# Exercise directions:
Return every line from the one with "Glowing Bumble Bee" through the one with "de luces Imágenes", inclusive, exactly as it appears below.

# Input data:

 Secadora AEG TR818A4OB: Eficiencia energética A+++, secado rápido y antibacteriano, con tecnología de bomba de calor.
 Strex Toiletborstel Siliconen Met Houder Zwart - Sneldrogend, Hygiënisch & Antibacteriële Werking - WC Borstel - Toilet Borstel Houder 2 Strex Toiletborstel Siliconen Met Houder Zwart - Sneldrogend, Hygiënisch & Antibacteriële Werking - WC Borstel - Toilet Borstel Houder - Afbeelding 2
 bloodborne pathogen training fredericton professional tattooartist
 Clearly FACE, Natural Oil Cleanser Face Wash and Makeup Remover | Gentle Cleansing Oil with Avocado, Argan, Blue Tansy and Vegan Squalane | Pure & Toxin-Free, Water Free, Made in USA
---
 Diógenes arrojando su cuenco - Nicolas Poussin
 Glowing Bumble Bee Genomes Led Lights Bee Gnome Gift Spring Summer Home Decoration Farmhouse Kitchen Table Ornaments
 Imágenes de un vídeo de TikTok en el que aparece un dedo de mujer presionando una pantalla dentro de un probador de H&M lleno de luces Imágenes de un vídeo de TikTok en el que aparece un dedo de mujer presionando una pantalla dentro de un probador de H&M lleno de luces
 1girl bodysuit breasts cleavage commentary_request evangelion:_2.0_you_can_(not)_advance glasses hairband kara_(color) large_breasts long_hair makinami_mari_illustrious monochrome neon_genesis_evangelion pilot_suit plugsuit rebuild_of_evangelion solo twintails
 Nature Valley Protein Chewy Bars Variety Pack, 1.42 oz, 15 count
---
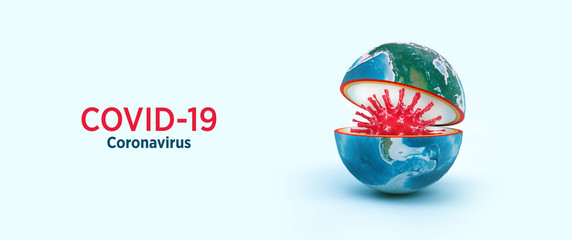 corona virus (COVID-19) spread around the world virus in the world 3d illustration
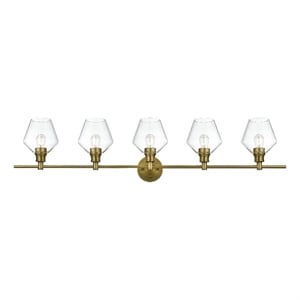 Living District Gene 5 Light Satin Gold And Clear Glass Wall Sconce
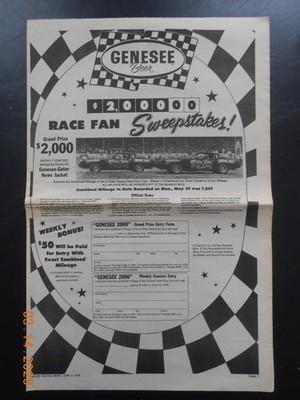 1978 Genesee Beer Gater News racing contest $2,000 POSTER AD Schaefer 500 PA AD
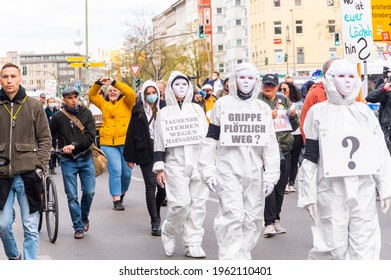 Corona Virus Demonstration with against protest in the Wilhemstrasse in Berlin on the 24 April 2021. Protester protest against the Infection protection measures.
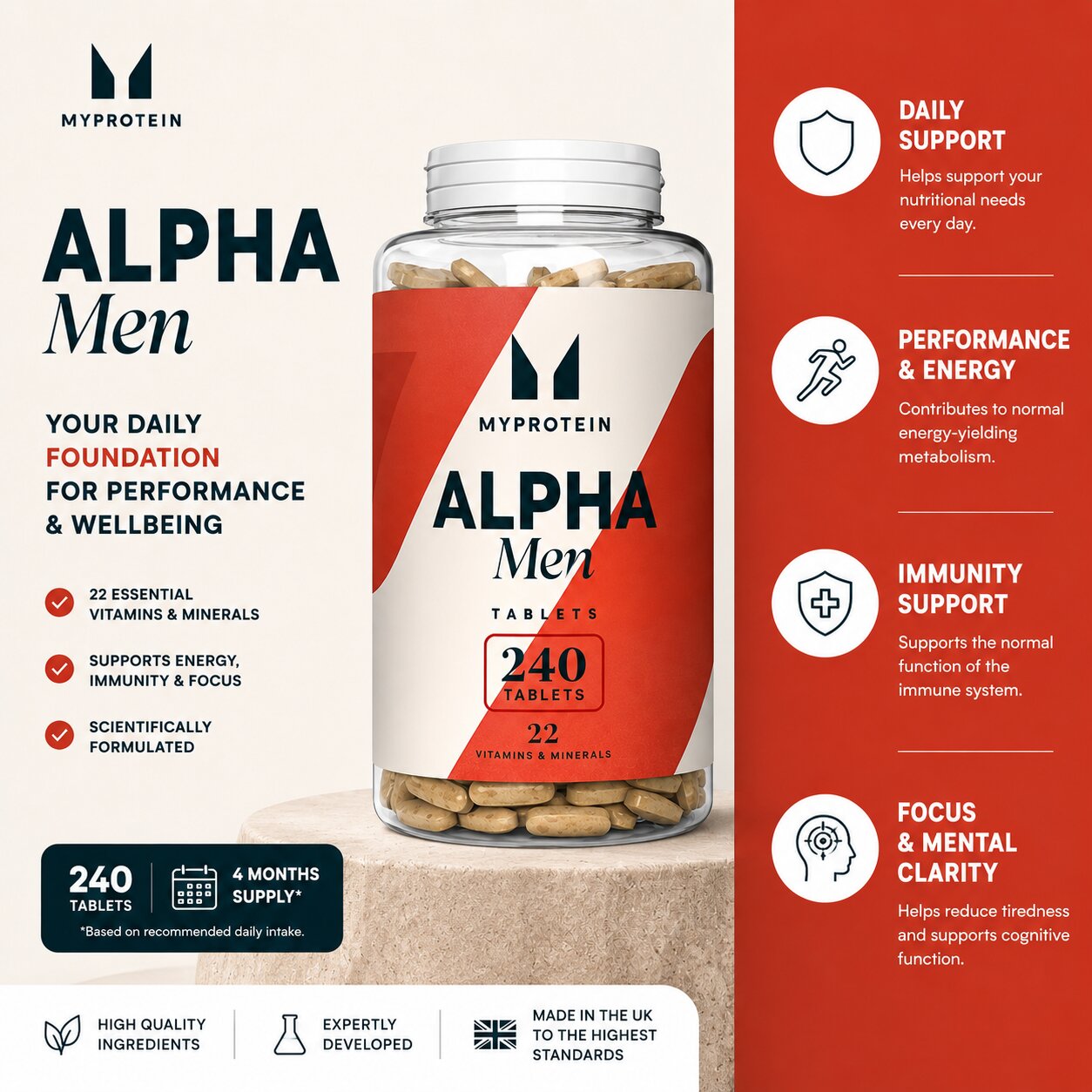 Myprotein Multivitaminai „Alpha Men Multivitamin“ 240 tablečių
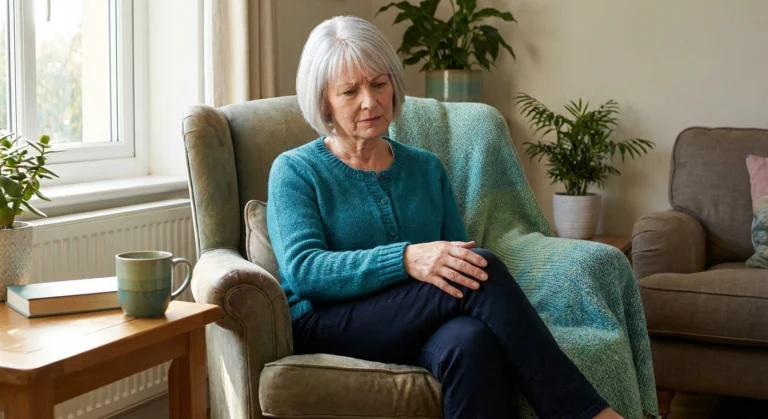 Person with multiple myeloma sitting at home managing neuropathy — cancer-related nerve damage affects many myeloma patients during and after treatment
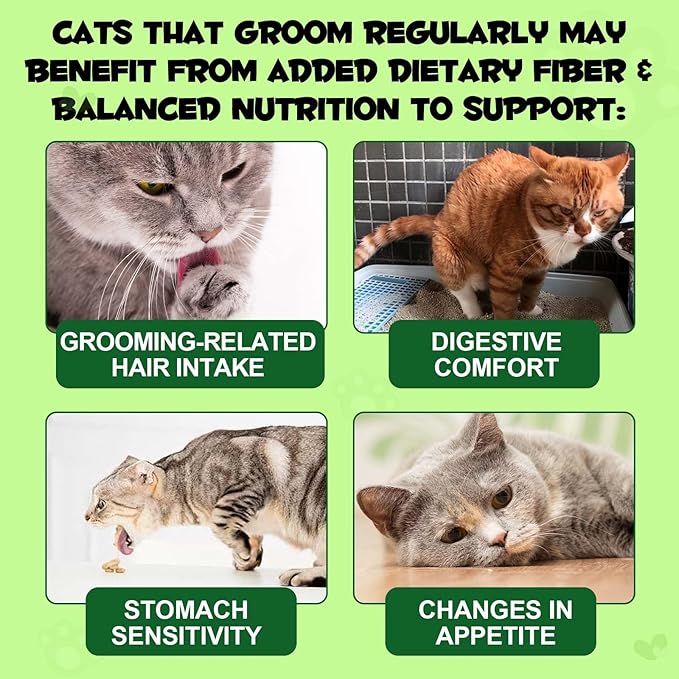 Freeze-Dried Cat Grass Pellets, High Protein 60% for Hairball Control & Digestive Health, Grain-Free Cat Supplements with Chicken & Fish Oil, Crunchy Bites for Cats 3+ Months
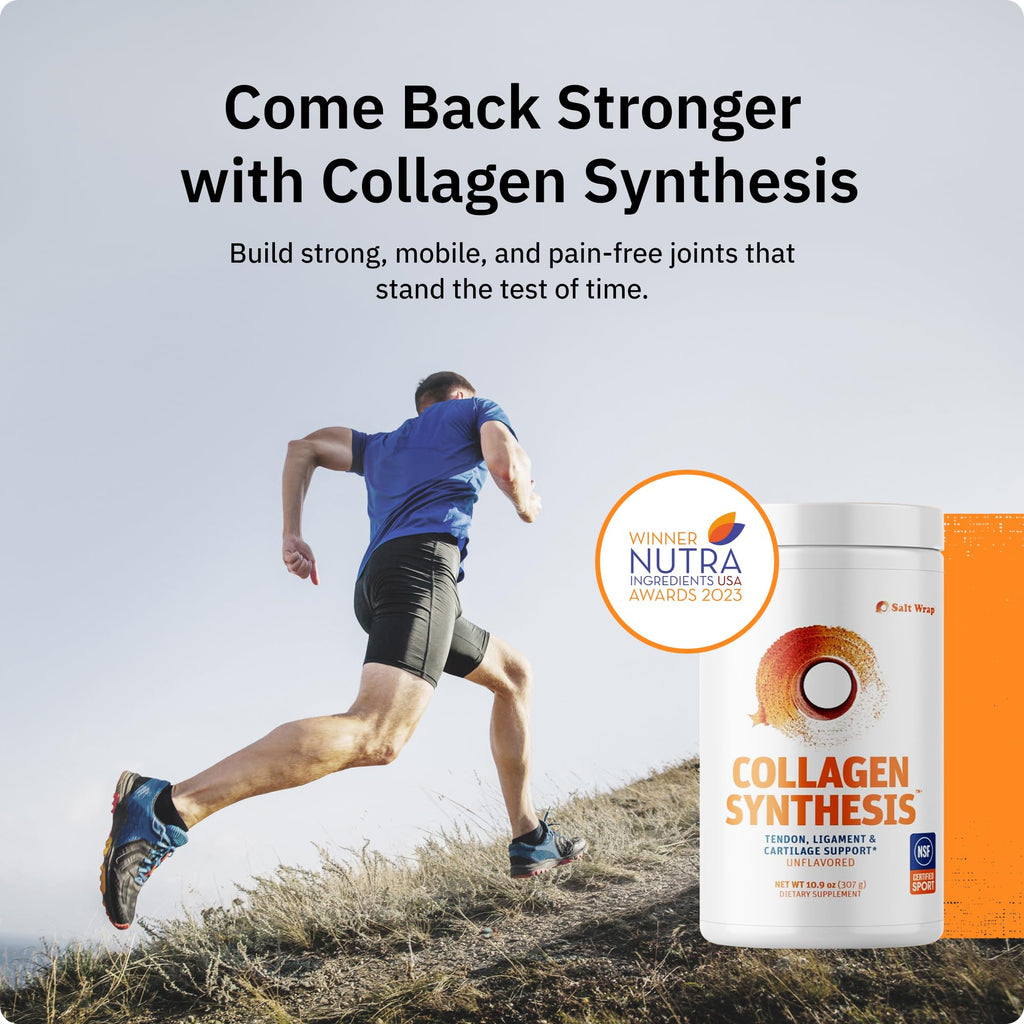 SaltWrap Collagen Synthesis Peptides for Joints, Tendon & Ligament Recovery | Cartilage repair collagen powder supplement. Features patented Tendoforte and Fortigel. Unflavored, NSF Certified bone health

# Task output:
 Glowing Bumble Bee Genomes Led Lights Bee Gnome Gift Spring Summer Home Decoration Farmhouse Kitchen Table Ornaments
 Imágenes de un vídeo de TikTok en el que aparece un dedo de mujer presionando una pantalla dentro de un probador de H&M lleno de luces Imágenes de un vídeo de TikTok en el que aparece un dedo de mujer presionando una pantalla dentro de un probador de H&M lleno de luces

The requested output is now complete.